**Goal of the exercise:** When you reach the line containing "Commercial Chopper with", begin reproducing the material exactly, stop after the line containing "STAUD Embroidered Front-Slit", and leave out any pictures along the way.

**Dataset records:**
________
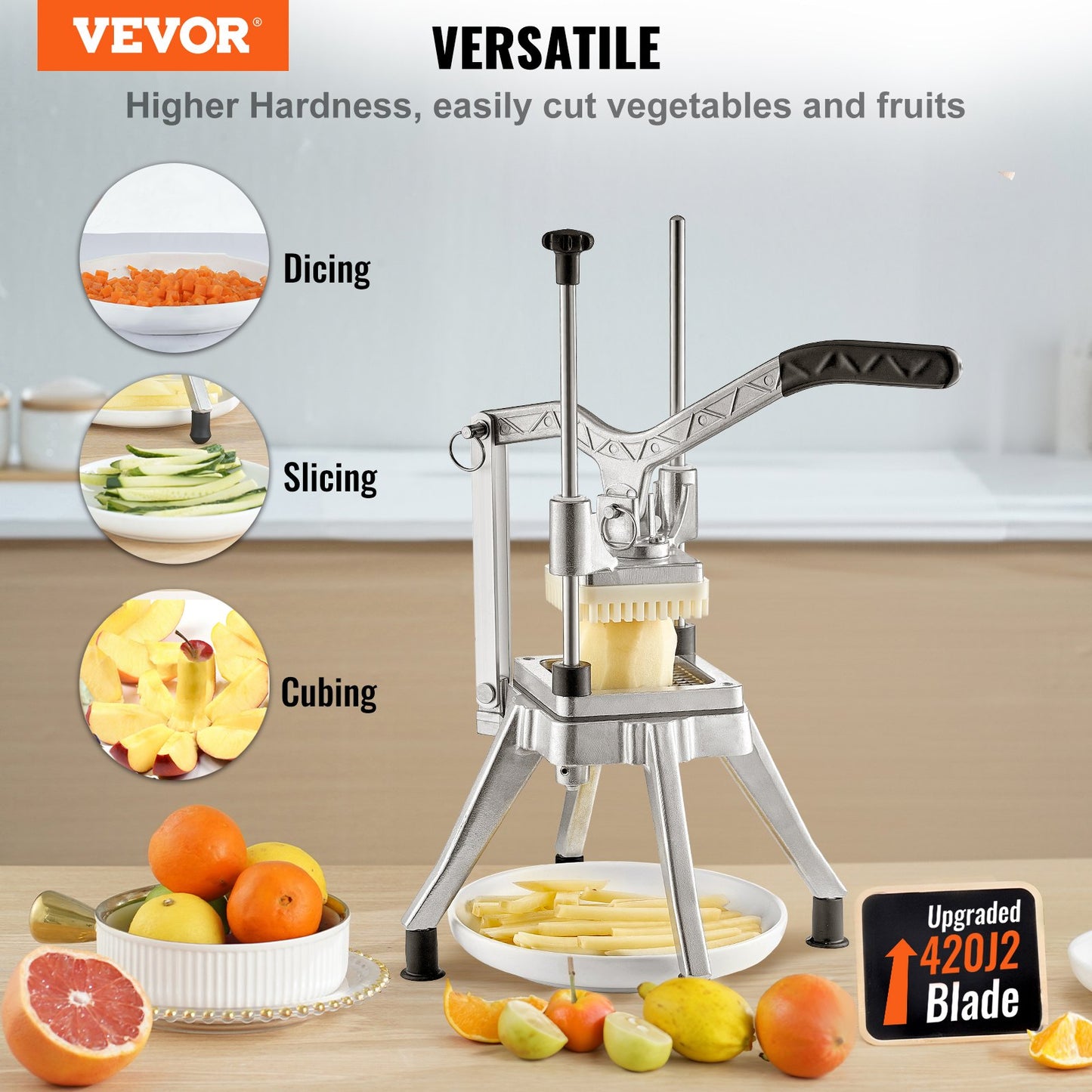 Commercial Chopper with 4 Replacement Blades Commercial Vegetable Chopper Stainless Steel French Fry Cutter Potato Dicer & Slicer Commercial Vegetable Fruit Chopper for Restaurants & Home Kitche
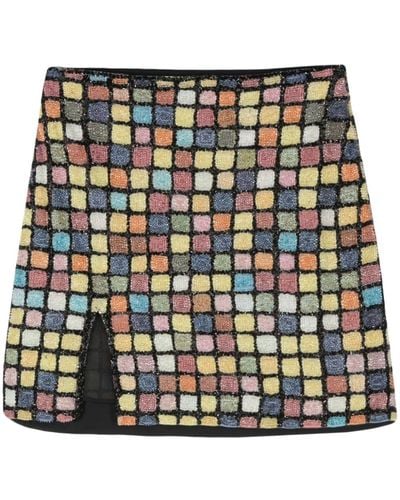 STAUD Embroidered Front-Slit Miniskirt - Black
________
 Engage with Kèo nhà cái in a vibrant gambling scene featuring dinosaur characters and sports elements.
________
**Result:**
 Commercial Chopper with 4 Replacement Blades Commercial Vegetable Chopper Stainless Steel French Fry Cutter Potato Dicer & Slicer Commercial Vegetable Fruit Chopper for Restaurants & Home Kitche
 STAUD Embroidered Front-Slit Miniskirt - Black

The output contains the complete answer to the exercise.